We hold that the Public Health Council overstepped the boundaries of its lawfully delegated authority when it promulgated a comprehensive code to govern tobacco smoking in areas that are open to the public. While the Legislature has given the Council broad authority to promulgate regulations on matters concerning the public health, the scope of the Council’s authority under its enabling statute must be deemed limited by its role as an administrative, rather than a legislative, body.

In fact, one of the linchpins for the court in Borealiwas that the legislatures themselves had previously rejected exactly what the Health Council took it upon itself to impose.

The repeated failures by the Legislature to arrive at such an agreement do not automatically entitle an administrative agency to take it upon itself to fill the vacuum and impose a solution of its own. Manifestly, it is the province of the people’s elected representatives, rather than appointed administrators, to resolve difficult social problems by making choices among competing ends.

In Justiana v Niagara County Department of Health (1999), where a local health board attempted the same, the United States District Court upheld the same points, asserting that the Health Department “violated the non-delegation doctrine of New York State law.”

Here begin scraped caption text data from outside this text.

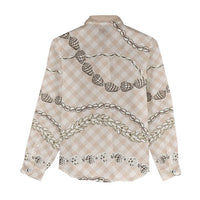 Beige Aloha Hawaii Shell Lei Women Casual Shirt Palaka Hebrew Cone Honey Cowrie Elegant Curves - Polynesian Pride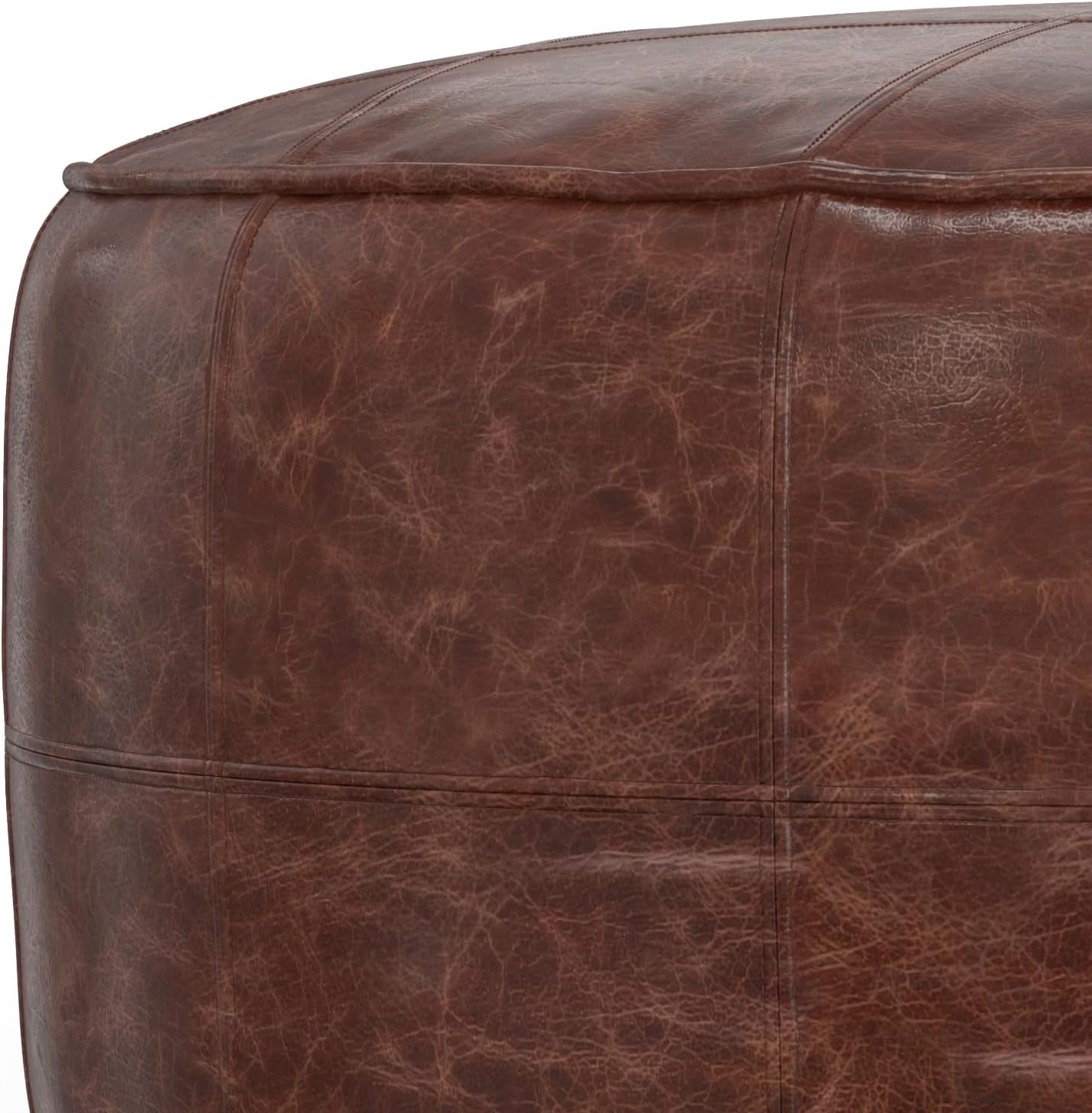 SIMPLIHOME Connor Coffee Table Pouf - 34 inch Wide Round Upholstered Genuine Leather Ottoman in Distressed Brown, Boho-Style Footrest, Extra Seating, or Coffee Table for Living Room, Assembled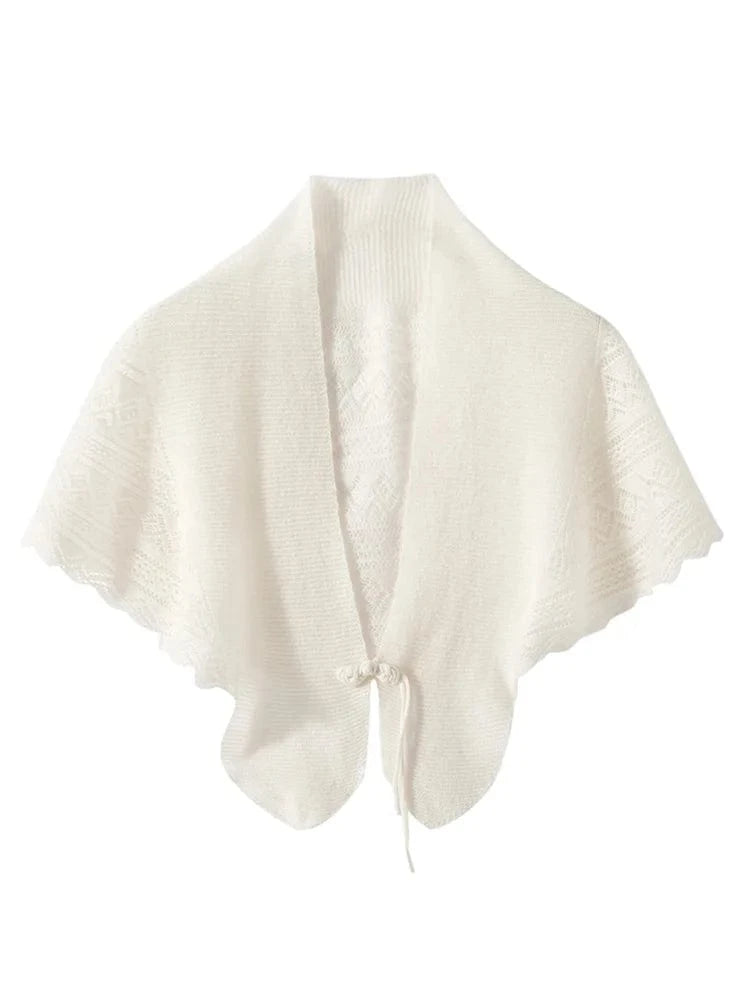 CHICUU Spring Summer Women 100% Cashmere Cape Thin Hollow Grace Chinese Style Shawls Cashmere Knitwear Sweater Wraps Luxury Top
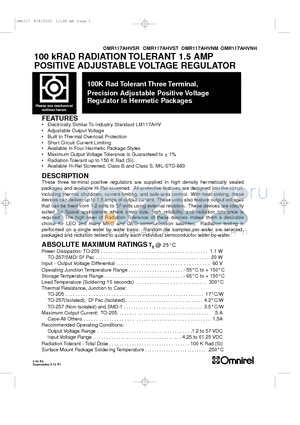 OMR117 datasheet - 100 kRAD RADIATION TOLERANT 1.5 AMP POSITIVE ADJUSTABLE VOLTAGE REGULATOR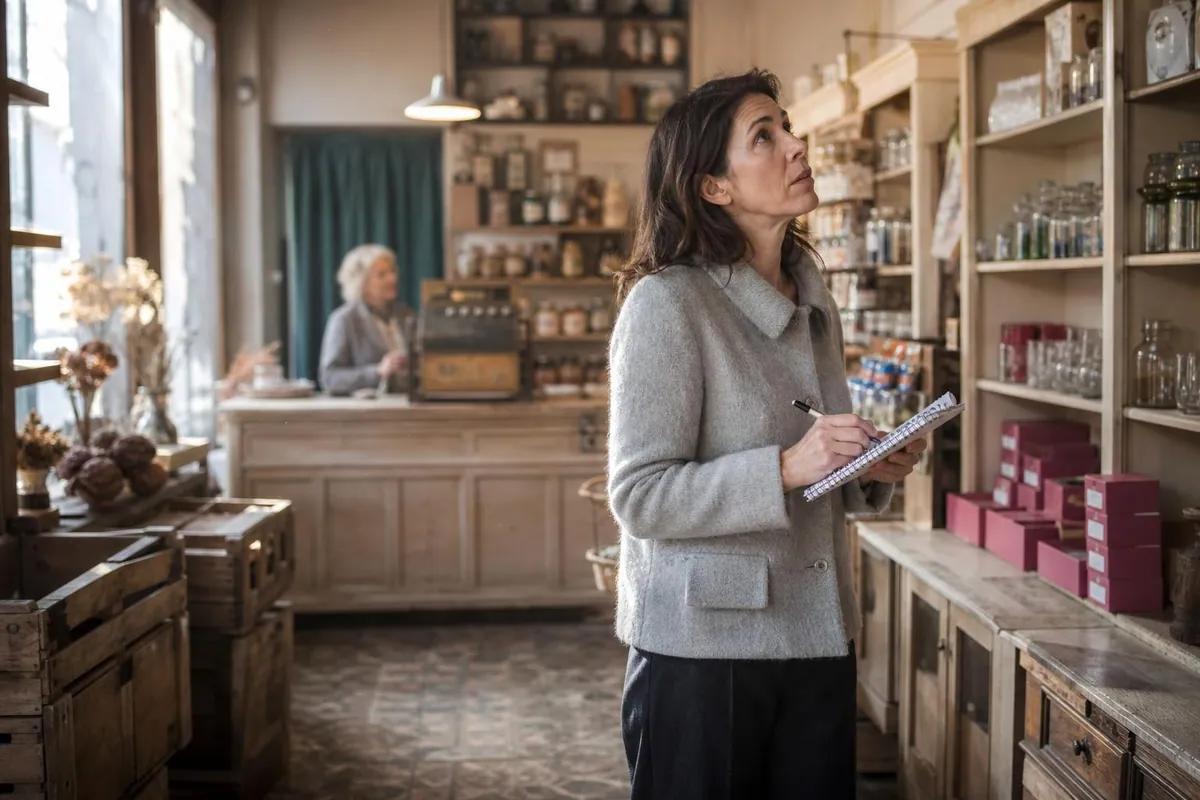Femme d’une quarantaine d’années debout dans une petite boutique de quartier, carnet à la main, observant les rayonnages et le comptoir avant une reprise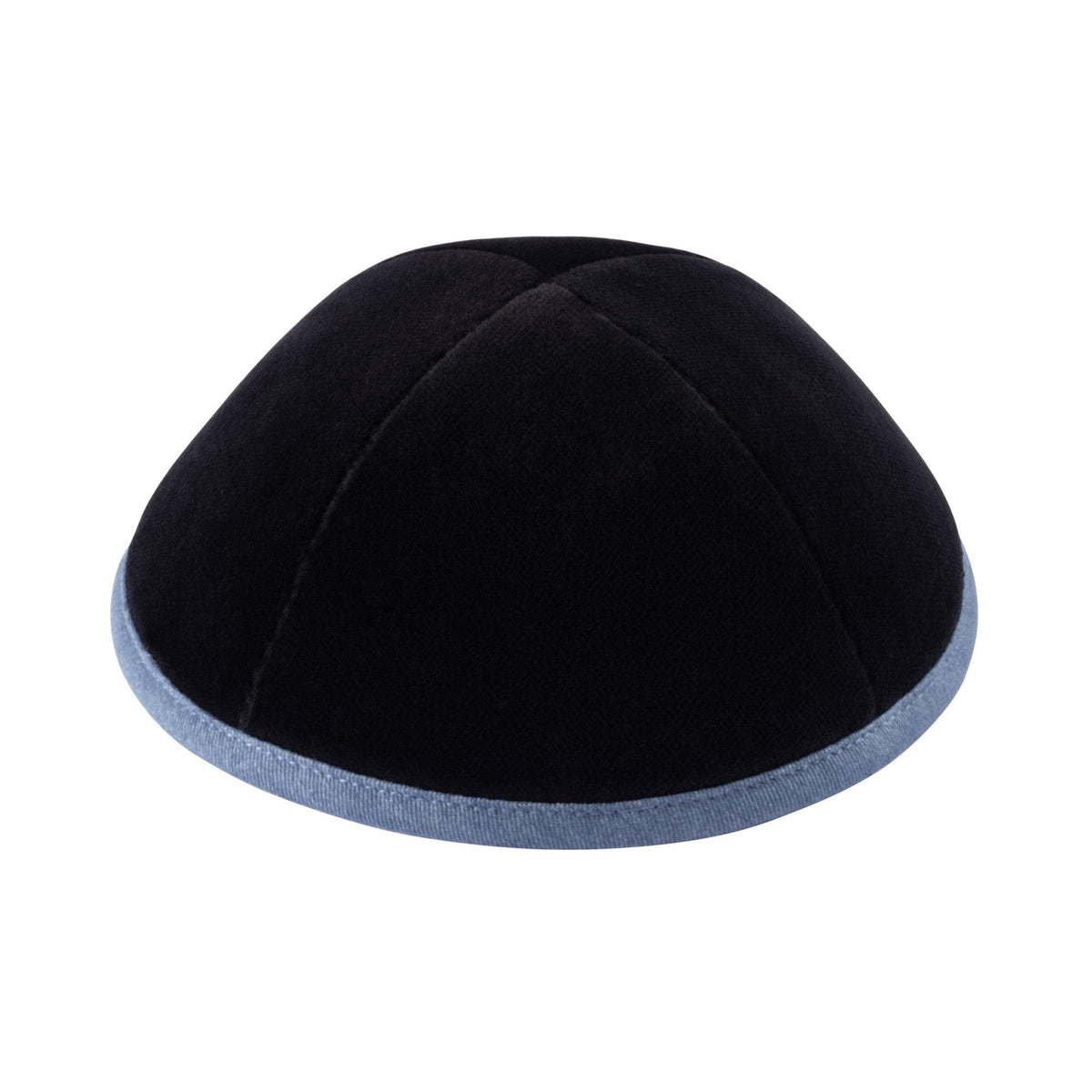 IKIPPAH BLACK VELVET W/ DENIM RIM YARMULKE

The Court finds that under the principles set forth in Boreali, the Board violated the non-delegation doctrine of New York State law in enacting the regulations…[and] exceeded its authority by writing “on a clean slate” rather than using its regulatory powers to fill in the details of a legislative scheme. …Defendants argue that… the present case is distinguishable from Boreali because since that case was decided, the State Legislature passed the Clean Indoor Air Act, and the Board was simply filling in the interstices of the Act’s provisions. This argument, however, is not persuasive in the context of smoking regulations, an area which the Court of Appeals described in Boreali as one especially suited for legislative determination as it involves “difficult social problems” which must be resolved …

In this context, even where the state legislature has provided some guidance for the restriction of smoking, the enactment of further substantive restrictions is a task properly left to the legislative arm of government. By adopting regulations that are substantially more restrictive than existing legislation, the Board went beyond interstitial rule-making and into the realm of legislating.

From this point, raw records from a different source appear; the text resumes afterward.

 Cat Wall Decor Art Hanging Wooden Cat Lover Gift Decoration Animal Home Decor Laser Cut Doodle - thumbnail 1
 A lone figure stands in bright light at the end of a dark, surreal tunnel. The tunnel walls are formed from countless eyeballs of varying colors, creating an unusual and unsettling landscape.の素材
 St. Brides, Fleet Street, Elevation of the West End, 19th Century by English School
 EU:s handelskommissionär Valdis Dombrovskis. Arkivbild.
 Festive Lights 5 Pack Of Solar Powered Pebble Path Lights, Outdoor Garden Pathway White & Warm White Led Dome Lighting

Additionally, it’s quite curious that the state Parks Office, in its press release on April 9, more than implied that this was a done deal — even reported by the media as “implemented.” One would think that such an act — legitimate or not — would be at least subject to the rule making process pursuant to the provisions of the State Administrative Procedure Act. Yet no rule proposal notice was filed with the Division of Administrative Rules (DAR) for publication in the State Register (pg. 14) until April 18. According to the notice, public comment is open until 45 days after publication of the notice.

“How can state Parks Commissioner Rose Harvey release a statement that boasts about the initiation of a policy when no rule had even yet been proposed? And now the public is supposedly allowed to weigh in until the beginning of June when the policy is supposedly effective by the end of April?” asks Silk.

According to the DAR’s manual, “The rule making process is constructed around the fundamental belief that the people of this state have a right to participate in the development of its laws.”

“Aside from the primary legal constitutional question, this course of events furthermore makes a mockery of public participation. Parks have demonstrated that this is already a done deal, public comment period or not.

“Such behavior certainly gives rise to the suspicion that something absolutely inappropriate is going on… or that when it comes to ‘those damn smokers,’ otherwise cherished democratic constructs need not apply and no one will care,” Silk says.

Lastly, and most fundamentally, if these conditions are allowed to persist among our state agencies we might as well render the election of lawmakers, the legislature and its process obsolete. You don’t have to be a proponent of anything to do with smoking or tobacco in order to agree it’s contemptible when the bedrock of our system is being tossed away.

In this particular case, C.L.A.S.H. doesn’t intend to stand idly by.

NYC Citizens Lobbying Against Smoker Harassment (C.L.A.S.H.) is a grassroots organization established in 2000 dedicated to advancing and protecting the interests of adults who choose to smoke cigarettes or enjoy other forms of tobacco.